Here ${\displaystyle {\boldsymbol {P}}^{T}}$ is an arbitrary self-equilibrating nominal stress field that satisfies the balance of momentum (without any body forces or inertial forces) and ${\displaystyle {\dot {\boldsymbol {F}}}}$ is the time rate of change of ${\displaystyle {\boldsymbol {F}}}$. The reference configuration can be arbitrary. Also, the nominal stress and the rate ${\displaystyle {\dot {\boldsymbol {F}}}}$ need not be related.

Note that in that case

${\displaystyle {{\text{tr}}(\langle {\boldsymbol {P}}^{T}:{\dot {\boldsymbol {F}}}\rangle )={\cfrac {1}{V_{0}}}\int _{\partial {\Omega }_{0}}{\text{tr}}({\boldsymbol {P}}\cdot {\dot {\boldsymbol {F}}})~{\text{dV}}={\cfrac {1}{V_{0}}}\int _{\partial {\Omega }_{0}}{\text{tr}}({\dot {\boldsymbol {F}}}\cdot {\boldsymbol {P}})~{\text{dV}}={\text{tr}}(\langle {\dot {\boldsymbol {F}}}\cdot {\boldsymbol {P}}\rangle )~.}}$

We can express the stress power in terms of boundary tractions and boundary velocities using the relation (see Appendix)

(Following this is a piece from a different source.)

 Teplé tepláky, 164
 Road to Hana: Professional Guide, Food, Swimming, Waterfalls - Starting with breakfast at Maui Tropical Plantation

${\displaystyle \int _{\partial {\Omega }}\mathbf {v} \otimes ({\boldsymbol {S}}^{T}\cdot \mathbf {n} )~{\text{dA}}=\int _{\Omega }[{\boldsymbol {\nabla }}\mathbf {v} \cdot {\boldsymbol {S}}+\mathbf {v} \otimes ({\boldsymbol {\nabla }}\bullet {\boldsymbol {S}}^{T})]~{\text{dV}}~.}$

In this case, we have ${\displaystyle \partial {\Omega }\rightarrow \partial {\Omega }_{0}}$, ${\displaystyle \Omega \rightarrow \Omega _{0}}$, ${\displaystyle {\boldsymbol {\nabla }}\rightarrow {\boldsymbol {\nabla }}_{0}}$, ${\displaystyle \mathbf {v} \rightarrow {\dot {\mathbf {x} }}}$, ${\displaystyle {\boldsymbol {S}}\rightarrow {\boldsymbol {P}}}$, and ${\displaystyle \mathbf {n} \rightarrow \mathbf {N} }$. Then

${\displaystyle \int _{\partial {\Omega }}{\dot {\mathbf {x} }}\otimes ({\boldsymbol {P}}^{T}\cdot \mathbf {N} )~{\text{dA}}=\int _{\Omega }[{\boldsymbol {\nabla }}_{0}~{\dot {\mathbf {x} }}\cdot {\boldsymbol {P}}+{\dot {\mathbf {x} }}\otimes ({\boldsymbol {\nabla }}_{0}\bullet {\boldsymbol {P}}^{T})]~{\text{dV}}~.}$

Using the balance of linear momentum (in the absence of body and inertial forces), we get

${\displaystyle \int _{\partial {\Omega }}{\dot {\mathbf {x} }}\otimes ({\boldsymbol {P}}^{T}\cdot \mathbf {N} )~{\text{dA}}=\int _{\Omega }{\boldsymbol {\nabla }}_{0}~{\dot {\mathbf {x} }}\cdot {\boldsymbol {P}}~{\text{dV}}~.}$

Recalling that

${\displaystyle {\dot {\boldsymbol {F}}}={\frac {\partial }{\partial t}}\left({\frac {\partial \mathbf {x} }{\partial \mathbf {X} }}\right)={\frac {\partial }{\partial \mathbf {X} }}\left({\frac {\partial \mathbf {x} }{\partial t}}\right)={\boldsymbol {\nabla }}_{0}~{\dot {\mathbf {x} }}}$

we then have

${\displaystyle \int _{\Omega }{\dot {\boldsymbol {F}}}\cdot {\boldsymbol {P}}~{\text{dV}}=\int _{\partial {\Omega }}{\dot {\mathbf {x} }}\otimes ({\boldsymbol {P}}^{T}\cdot \mathbf {N} )~{\text{dA}}~.}$

If ${\displaystyle {\bar {\mathbf {T} }}}$ is a self equilibrating traction applied on the boundary that leads to the stress field ${\displaystyle {\boldsymbol {P}}}$, i.e., ${\displaystyle {\bar {\mathbf {T} }}={\boldsymbol {P}}^{T}\cdot \mathbf {N} }$, then we have

${\displaystyle {\int _{\Omega }{\dot {\boldsymbol {F}}}\cdot {\boldsymbol {P}}~{\text{dV}}=\int _{\partial {\Omega }}{\dot {\mathbf {x} }}\otimes {\bar {\mathbf {T} }}~{\text{dA}}~.}}$

Note that the fields ${\displaystyle {\dot {\boldsymbol {F}}}}$ and ${\displaystyle {\boldsymbol {P}}}$ need not be related and hence the velocities ${\displaystyle {\dot {\mathbf {x} }}}$ and the tractions ${\displaystyle {\bar {\mathbf {T} }}}$ are not related.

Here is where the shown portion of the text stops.